Systemic sclerosis (SSc or scleroderma) is a connective tissue disease characterised by excessive fibrosis and extracellular matrix deposition in the skin, lung, and other visceral organs.1 Despite recent advances in understanding the disease pathogenesis, the pathogenic processes underlying the various phenotypic manifestations, intensification of symptoms and clinical expression of the disease are still not well understood. Disease progression is characterised by an early inflammatory onset followed by tissue fibrosis and proliferative vasculopathy. In the clinic, these events are leading to skin fibrosis, interstitial lung disease, myocardial insufficiency, vascular obliteration, distal ulcerations and gangrene. The early inflammatory phase involves the immune cell network including lymphocytes, eosinophils and monocytes, as well as endothelial and endothelial progenitor cells. In the advanced phase, fibroblasts and myofibroblasts take the lead to generate tissue fibrosis.2–4

Chemokines are a group of small signalling proteins that induce migration and activation of cells.5 During inflammation, immune cells release chemokines that promote cellular migration, induce immune cell and fibroblast activation, trigger differentiation of T-cells to the T helper phenotype and induce transition of fibroblasts to profibrotic myofibroblasts.6 7 In SSc pathogenesis, chemokines have been proposed to foster migration and activation of inflammatory and fibrotic cells, inducing the secretion of cytokines that promote collagen and matrix deposition in the affected organs.8 Indeed, patients with SSc exhibit increased systemic levels of proinflammatory chemokines including CCL2, CCL5, CCL3, CXCL8, CXCL9, CXCL10 and CXCL16 (Chemokine c-c and c-x-c motifs ligand).9–12 Some were also shown to be correlated to limited or diffuse cutaneous disease phenotype and/or to organ-specific pathology as lung disease or skin vascular inflammation.13–15

CCL24 (Chemokine c-c motif ligand 24, eotaxin-2) is a chemokine that promotes immune cell trafficking and activation as well as profibrotic activities through the CCR3 receptor (C-C chemokine receptor type 3).16 Both CCL24 and CCR3 were shown to be involved in lung and skin inflammation and fibrosis in previous studies.17–19

CCR3 is robustly expressed on eosinophils and recent data suggested that eosinophilic inflammation might be involved in the pathogenesis and progression of SSc. In SSc patients, eosinophil counts, but not total leukocytes, were significantly higher than in patients with other connective autoimmune diseases. Eosinophil counts correlated positively with both interstitial lung disease severity and modified Rodnan skin thickness score.20 Notably, CCR3 was demonstrated to be expressed on oral and dermal fibroblasts where it modulates wound healing and tissue remodelling processes.17 21 A recent study by Lee et al also showed overexpression of CCR3 on monocyte populations isolated from SSc patients.22

CCL24 was shown to be involved in proinflammatory reactions, specifically contributing to the type 2 immune reaction involving Th2 lymphocytes and M2 macrophages that were shown to be present in skin lesions of SSc patients.23 24 Accordingly, CCL24 was found to play a dominant role in inducing profibrotic effects and to be overexpressed in fibrotic lungs and bronchoalveolar lavage fluid from patients with idiopathic pulmonary fibrosis (IPF), a disease sharing similar lung dysfunction features with SSc.18 25 26 Furthermore, CCL24 was shown to promote collagen production in human lung fibroblasts27 and to be constitutively expressed by dermal fibroblasts.28

Altogether, these studies may suggest a potential role of CCL24/CCR3 signalling in the pathogenesis of SSc.

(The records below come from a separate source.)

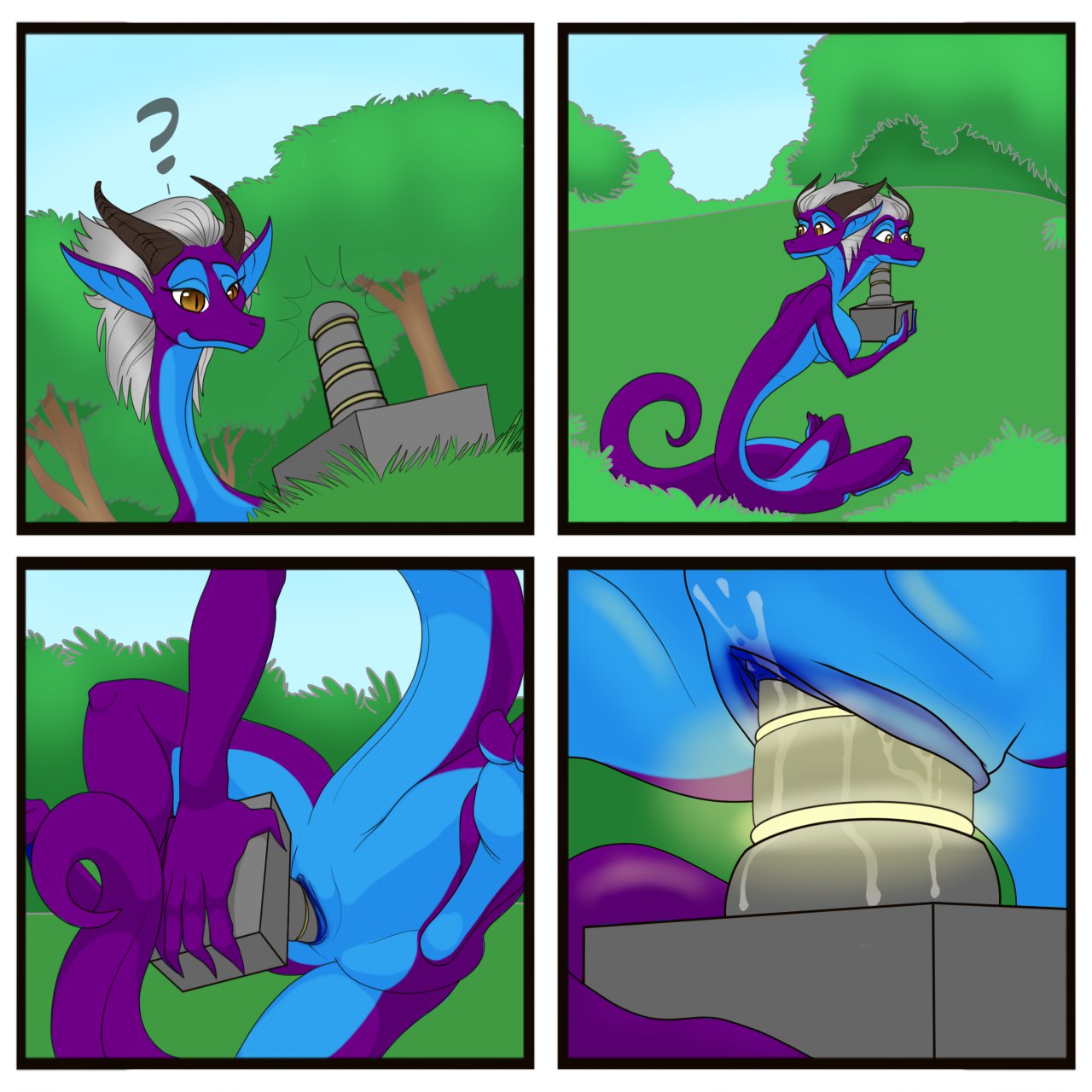 Eggcited page 1 full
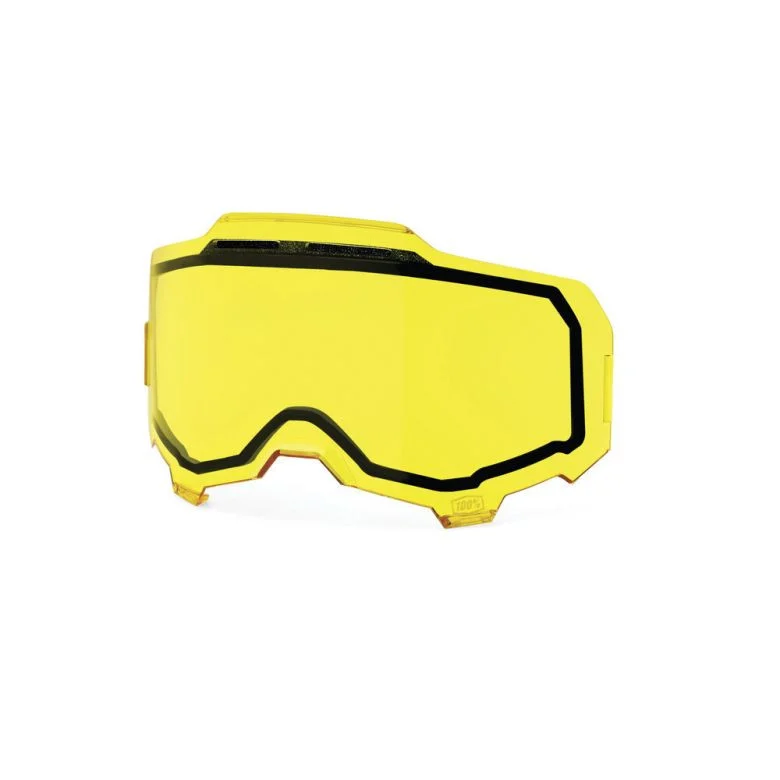 100 Percent Armega Goggles - Replacement Dual Pane Vented Snow Lens - West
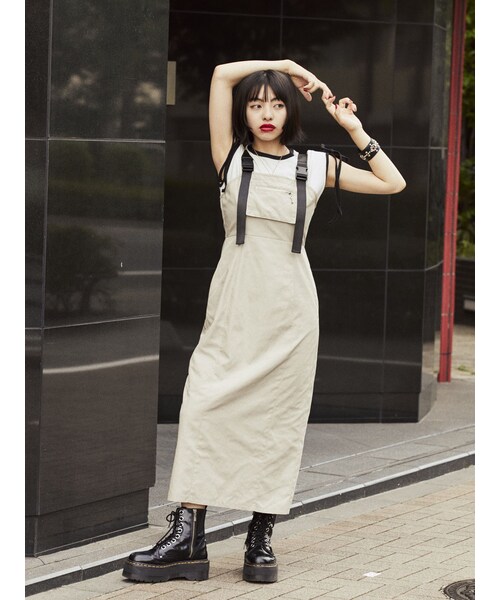 jouetie（ジュエティ）の「ミリタリージャンスカ（ジャンパースカート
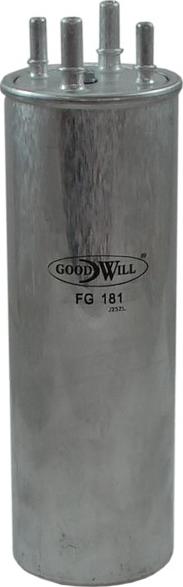 GoodWill FG 181 - Filter za gorivo www.molydon.hr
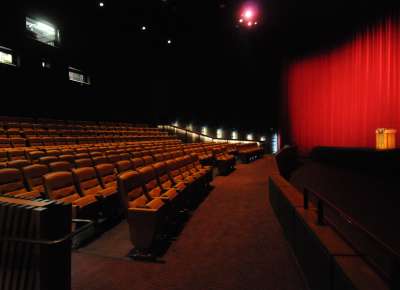 Solomon Victory Theater interior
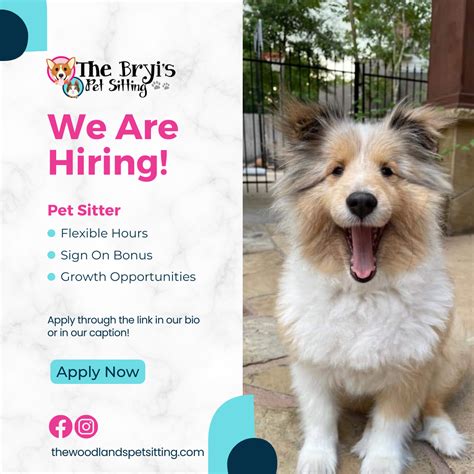 Employment The Woodlands Petsitting Employment The Woodlands Petsitting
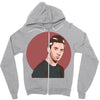 Messi Zipper Hoodie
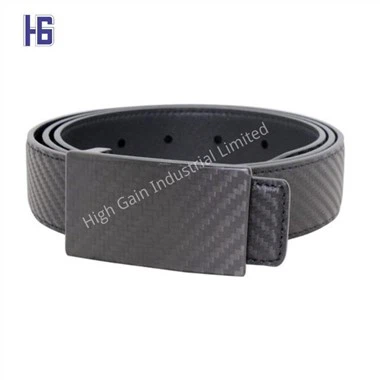 Szénszálas övcsat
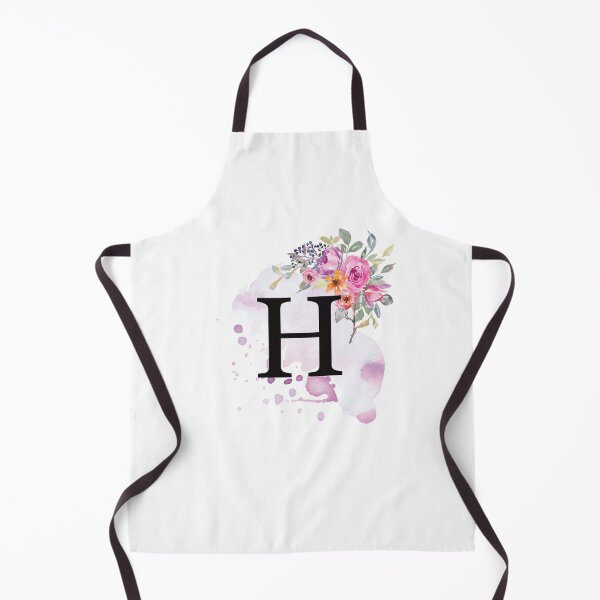 Item preview, Letter H Floral designed and sold by Marianmiranda.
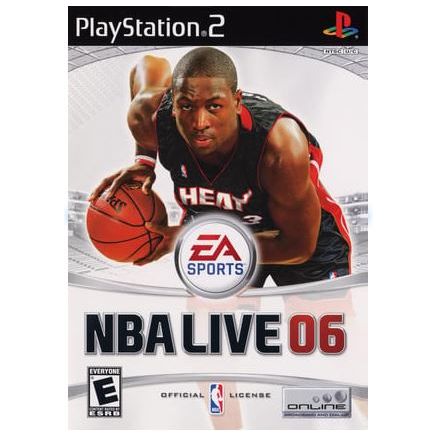 NBA Live 2006 PlayStation 2 PS2 Game from 2P Gaming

CM-101 is a humanised monoclonal antibody (mAb) that targets the human chemokine CCL24. Previous studies have shown that administration of CM-101, by binding CCL24 with high affinity, reduced proinflammatory responses in animal models of several diseases including atherosclerosis, rheumatoid arthritis and multiple sclerosis.29–31 This experimental evidence supports the ability of CM-101 to significantly interfere with proinflammatory processes in vivo.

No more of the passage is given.